● EXERCISE DIRECTIONS:
In the material below, write out each line word for word and omit the pictures.

● GIVEN INFORMATION:
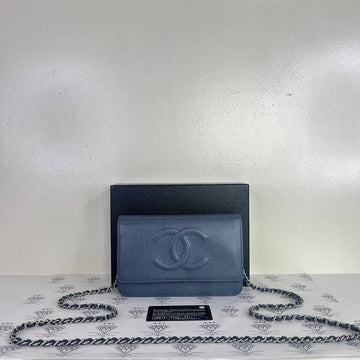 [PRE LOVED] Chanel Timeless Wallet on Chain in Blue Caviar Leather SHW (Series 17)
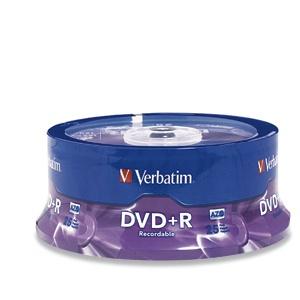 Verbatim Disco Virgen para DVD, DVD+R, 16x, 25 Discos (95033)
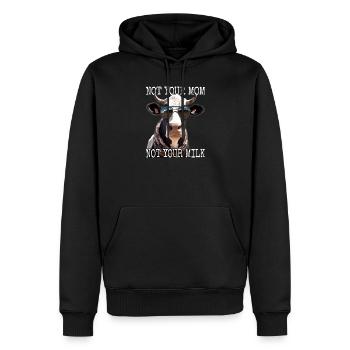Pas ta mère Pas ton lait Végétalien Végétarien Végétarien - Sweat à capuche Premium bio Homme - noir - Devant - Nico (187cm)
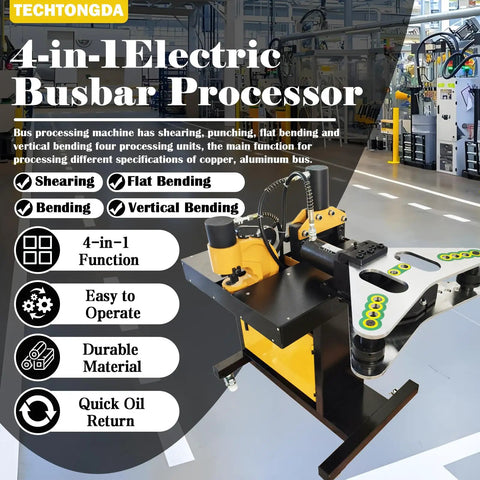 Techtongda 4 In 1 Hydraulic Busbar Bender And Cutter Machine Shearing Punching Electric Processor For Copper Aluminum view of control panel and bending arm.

● EXERCISE ANSWER:
 [PRE LOVED] Chanel Timeless Wallet on Chain in Blue Caviar Leather SHW (Series 17)
 Verbatim Disco Virgen para DVD, DVD+R, 16x, 25 Discos (95033)
Pas ta mère Pas ton lait Végétalien Végétarien Végétarien - Sweat à capuche Premium bio Homme - noir - Devant - Nico (187cm)
 Techtongda 4 In 1 Hydraulic Busbar Bender And Cutter Machine Shearing Punching Electric Processor For Copper Aluminum view of control panel and bending arm.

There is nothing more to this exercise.